Fui entrando em contato com uma série de crenças que carrego no meu corpo e permitindo oxigená-las com o conhecimento que Leonard Orr propaga em suas palestras e isso me trouxe capacidade para olhar para a vida e a morte como uma só. A principal luz, no entanto, que acendeu em mim durante o retiro foi a consciência da minha divindade natural e consegui acessar isso através da imagem de Babaji, cujo nome e a história nunca tinha ouvido falar antes do retiro. "Quando eu aceito que sou babaji, eu aceito que o outro seja babaji". Logo, eu aceito que todos somos divinos. Apesar da experiência forte de vivenciar essa divindade natural ainda reluto com muita vergonha e medo de escrever sobre isso. Ou seja, ainda preciso respirar muita energia para me apropriar de tantos insights vivenciados a partir desta técnica.

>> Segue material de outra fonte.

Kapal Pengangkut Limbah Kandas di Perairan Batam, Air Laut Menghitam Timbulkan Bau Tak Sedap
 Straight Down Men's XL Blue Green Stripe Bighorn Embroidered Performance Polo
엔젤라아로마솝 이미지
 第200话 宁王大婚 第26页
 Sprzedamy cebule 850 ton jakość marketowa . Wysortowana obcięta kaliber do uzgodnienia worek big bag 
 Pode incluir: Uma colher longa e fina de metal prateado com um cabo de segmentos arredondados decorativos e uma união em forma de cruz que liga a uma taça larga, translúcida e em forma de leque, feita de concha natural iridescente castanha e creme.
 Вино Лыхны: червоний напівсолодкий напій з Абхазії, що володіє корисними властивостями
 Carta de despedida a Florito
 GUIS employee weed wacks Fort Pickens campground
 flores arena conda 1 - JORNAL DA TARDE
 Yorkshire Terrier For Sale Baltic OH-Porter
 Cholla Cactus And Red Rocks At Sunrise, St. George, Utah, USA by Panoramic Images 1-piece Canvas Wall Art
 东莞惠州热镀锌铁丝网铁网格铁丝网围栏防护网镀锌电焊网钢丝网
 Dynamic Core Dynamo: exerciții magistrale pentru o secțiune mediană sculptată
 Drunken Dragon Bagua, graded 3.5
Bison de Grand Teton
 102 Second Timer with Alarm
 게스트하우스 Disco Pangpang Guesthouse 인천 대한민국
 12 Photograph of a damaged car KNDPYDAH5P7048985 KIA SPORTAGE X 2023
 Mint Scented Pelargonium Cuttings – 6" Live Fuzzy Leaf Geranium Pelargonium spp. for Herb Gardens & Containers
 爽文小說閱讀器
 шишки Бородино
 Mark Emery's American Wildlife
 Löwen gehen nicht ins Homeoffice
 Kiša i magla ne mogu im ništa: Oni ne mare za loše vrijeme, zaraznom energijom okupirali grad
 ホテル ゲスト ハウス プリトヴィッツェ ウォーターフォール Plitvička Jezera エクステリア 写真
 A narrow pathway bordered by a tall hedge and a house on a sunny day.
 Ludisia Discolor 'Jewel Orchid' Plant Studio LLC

É importante ressaltar também que a filosofia de Leonard Orr nos coloca a imortalidade física como ponto de chegada para quem realiza práticas espirituais com água, fogo, ar e terra. São através das práticas com os quatro elementos que conseguimos vencer o trauma da ânsia inconsciente de morte assim como do nascimento, da síndrome da desaprovação parental, da Lei Pessoal e Negativos Específicos, da Memória de vidas passadas, trauma escolar, trauma religioso, senilidade, supressão do feminino e síndrome do salvador do mundo.

Este é o quarto post escrito para o projeto Clarear financiado por 158 benfeitores no modelo crowdfunding pelo site da Benfeitoria.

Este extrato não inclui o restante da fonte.